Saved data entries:
"""

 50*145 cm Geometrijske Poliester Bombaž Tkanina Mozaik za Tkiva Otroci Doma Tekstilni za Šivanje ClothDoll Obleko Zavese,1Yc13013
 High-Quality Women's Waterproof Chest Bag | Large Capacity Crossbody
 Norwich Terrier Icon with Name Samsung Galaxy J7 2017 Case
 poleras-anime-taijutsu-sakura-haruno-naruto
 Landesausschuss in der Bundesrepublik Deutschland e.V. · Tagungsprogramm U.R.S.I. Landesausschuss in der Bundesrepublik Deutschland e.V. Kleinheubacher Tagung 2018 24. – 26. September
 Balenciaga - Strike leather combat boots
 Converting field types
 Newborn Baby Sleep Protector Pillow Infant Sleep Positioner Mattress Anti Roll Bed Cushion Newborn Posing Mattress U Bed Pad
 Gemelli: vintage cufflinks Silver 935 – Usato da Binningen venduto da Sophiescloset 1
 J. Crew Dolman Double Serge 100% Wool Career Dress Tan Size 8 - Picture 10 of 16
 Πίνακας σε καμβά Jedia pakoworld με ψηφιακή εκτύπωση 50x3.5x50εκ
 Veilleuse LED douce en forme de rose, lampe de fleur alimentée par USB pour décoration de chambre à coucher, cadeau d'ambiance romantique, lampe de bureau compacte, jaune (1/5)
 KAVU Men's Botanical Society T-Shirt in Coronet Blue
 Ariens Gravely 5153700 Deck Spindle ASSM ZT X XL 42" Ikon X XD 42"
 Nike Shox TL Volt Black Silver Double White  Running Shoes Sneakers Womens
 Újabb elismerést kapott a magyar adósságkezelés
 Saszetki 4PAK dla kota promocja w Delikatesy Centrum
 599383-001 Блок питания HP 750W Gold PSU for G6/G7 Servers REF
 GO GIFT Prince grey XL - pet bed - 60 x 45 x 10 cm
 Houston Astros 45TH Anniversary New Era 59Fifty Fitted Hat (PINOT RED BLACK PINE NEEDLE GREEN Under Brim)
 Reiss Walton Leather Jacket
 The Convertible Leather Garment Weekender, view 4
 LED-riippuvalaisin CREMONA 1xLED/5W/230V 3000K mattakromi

"""

→ **WHAT IS REQUIRED**:
Your task is to restate, word for word, only those lines above that fall between the line holding "poleras-anime-taijutsu-sakura-haruno-naruto" and the line holding "Converting field types", inclusive.

→ **WRITTEN SOLUTION**:
 poleras-anime-taijutsu-sakura-haruno-naruto
 Landesausschuss in der Bundesrepublik Deutschland e.V. · Tagungsprogramm U.R.S.I. Landesausschuss in der Bundesrepublik Deutschland e.V. Kleinheubacher Tagung 2018 24. – 26. September
 Balenciaga - Strike leather combat boots
 Converting field types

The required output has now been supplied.